Does anyone on here do this?

I know how it all works now (I think, been reading MSE website) just wondering if anyone here has any experience?


----------



## ardandy (Aug 18, 2006)

Guess not!


----------



## dal84 (Jan 19, 2008)

I don't do it myself but a couple of my mates used to do it alot. They were making a good profit out of it too, around 1k per month. Money they have now used to go travelling. If you know what you are doing and put in the time there are good rewards from it.


----------



## bushfire (Sep 29, 2008)

yep do it myself, only do one bookie at a time & make about £250 a month, plan is to make enough to fly business class to New Zealand in 2011. If interested I can post a link that explains how it works. You just have to remember you're not gambling you're doing maths.


----------



## RP84 (Sep 3, 2007)

explain ? more info please


----------



## jgy6000 (May 15, 2007)

yes ild like to know a little more aswell


----------



## petenaud (Feb 17, 2008)

same here, wtf is it


----------



## petenaud (Feb 17, 2008)

bushfire said:


> yep do it myself, only do one bookie at a time & make about £250 a month, plan is to make enough to fly business class to New Zealand in 2011. If interested I can post a link that explains how it works. You just have to remember you're not gambling you're doing maths.


i am good at maths


----------



## richjohnhughes (Sep 24, 2007)

eh???


----------



## RP84 (Sep 3, 2007)

heres some info peeps
http://www.matchedbetting.co.uk/


----------



## ukimportz (Mar 23, 2007)

i do a bit of trading on betfair just withdrawn £66 for today from my original tenner, usually do this every sat as i only trade on footy. i've not done the matched betting but i am in touch with these guy's who email me a couple of times a week with guaranteed free matched bets

http://www.bet72.com/


----------



## Buck (Jan 16, 2008)

I did matched betting last year and made a tidy sum out of it (I'm talkin in the £'000s). It takes a little while to get your head around it but you can make some decent cash out of it *IF* you take your time and also have a reasonable amount of cash you can tie up in your accounts. I stopped simply becuase i couldn't devote the time to make it worthwhile.

As a one liner it is using free bets from gambling web sites and also ensuring you offset your bets against others so that you are in a no-lose situation.

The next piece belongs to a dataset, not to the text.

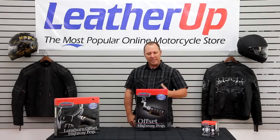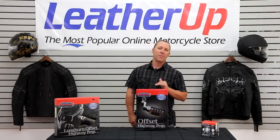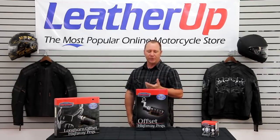Hi, welcome to LeatherUp.com. I'd like to introduce you to the Kuryakyn Offset Highway Pegs. These are a great peg if you're looking for some versatility out of your foot peg. It does use the ISO technology which helps dampen any kind of vibration through the motor.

It isn't gambling it is calculated transactions which deliver you a profit if done correctly.

Also using the first time customer offers on sites such as Quidco can bump up your earnings.

I'm going to get back into it this year to make some more pennies out of it !

Also, don't for


----------



## ukimportz (Mar 23, 2007)

if you would like to learn more about matched betting there is a free online webinar tonight, just click on the link for todays date and register & then just watch the webinar at 7pm tonight by clicking on the link sent in the email :thumb:

http://www.racingtraders.com/Betfair_Trading/Trading_Courses/index.html


----------



## chunkytfg (Feb 1, 2009)

ukimportz said:


> if you would like to learn more about matched betting there is a free online webinar tonight, just click on the link for todays date and register & then just watch the webinar at 7pm tonight by clicking on the link sent in the email :thumb:
> 
> http://www.racingtraders.com/Betfair_Trading/Trading_Courses/index.html


Failing that the moneysavingexpert site has a series of extremely good guides and help topics that will see you right.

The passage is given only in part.